*Records shown*.
════════

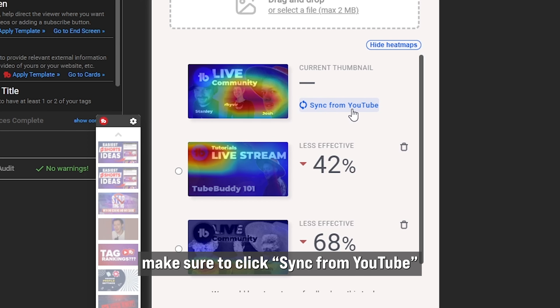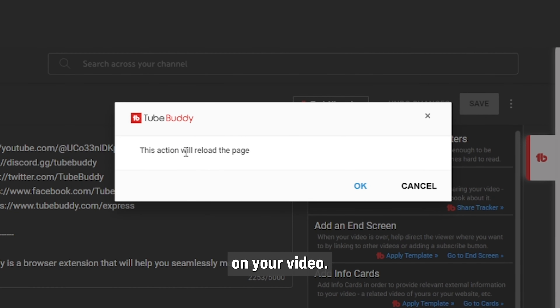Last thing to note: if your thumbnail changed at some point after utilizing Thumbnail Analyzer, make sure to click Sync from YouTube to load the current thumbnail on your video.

════════

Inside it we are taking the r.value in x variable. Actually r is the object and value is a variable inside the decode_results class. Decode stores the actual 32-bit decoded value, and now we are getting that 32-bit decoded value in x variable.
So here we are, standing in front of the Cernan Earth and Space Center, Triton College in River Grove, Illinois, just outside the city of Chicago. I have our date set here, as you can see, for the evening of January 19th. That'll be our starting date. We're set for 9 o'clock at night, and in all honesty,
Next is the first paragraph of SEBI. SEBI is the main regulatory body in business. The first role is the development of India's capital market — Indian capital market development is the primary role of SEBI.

════════

*Your instructions*. From the entries above, restate word for word the lines from the line containing "Inside it we" to the line containing "Next is the", both ends included, and nothing more.

*Exercise result*.
Inside it we are taking the r.value in x variable. Actually r is the object and value is a variable inside the decode_results class. Decode stores the actual 32-bit decoded value, and now we are getting that 32-bit decoded value in x variable.
So here we are, standing in front of the Cernan Earth and Space Center, Triton College in River Grove, Illinois, just outside the city of Chicago. I have our date set here, as you can see, for the evening of January 19th. That'll be our starting date. We're set for 9 o'clock at night, and in all honesty,
Next is the first paragraph of SEBI. SEBI is the main regulatory body in business. The first role is the development of India's capital market — Indian capital market development is the primary role of SEBI.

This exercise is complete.